● **Work order**: In the material below, find the span from the line with "L.L.Bean On Sale" to the line with "Snuff sam vimes - sam, framed" and transcribe only those lines, exactly, ends included, without the pictures.

● **Dataset extract**:
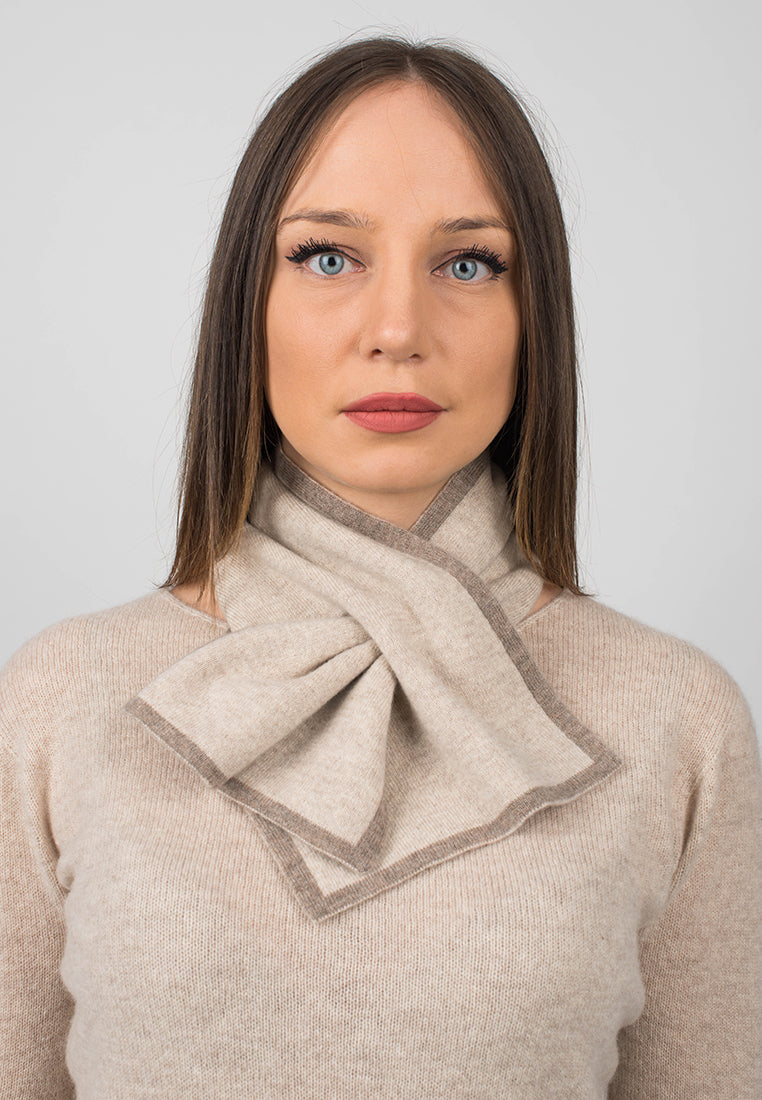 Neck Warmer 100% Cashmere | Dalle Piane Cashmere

---

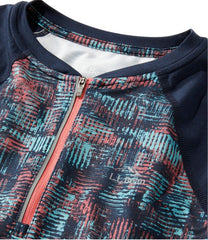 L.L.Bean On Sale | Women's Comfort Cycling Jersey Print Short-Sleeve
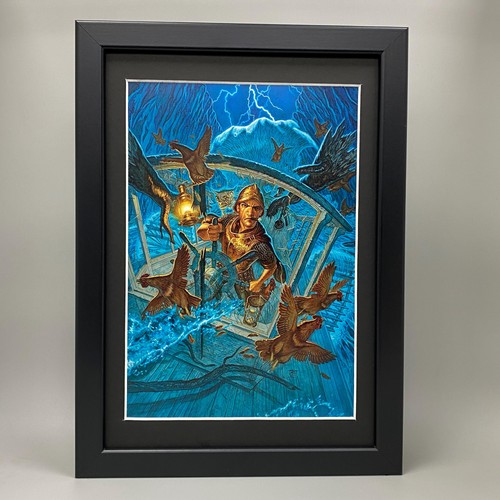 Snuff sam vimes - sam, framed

● **Response below**:
 L.L.Bean On Sale | Women's Comfort Cycling Jersey Print Short-Sleeve
 Snuff sam vimes - sam, framed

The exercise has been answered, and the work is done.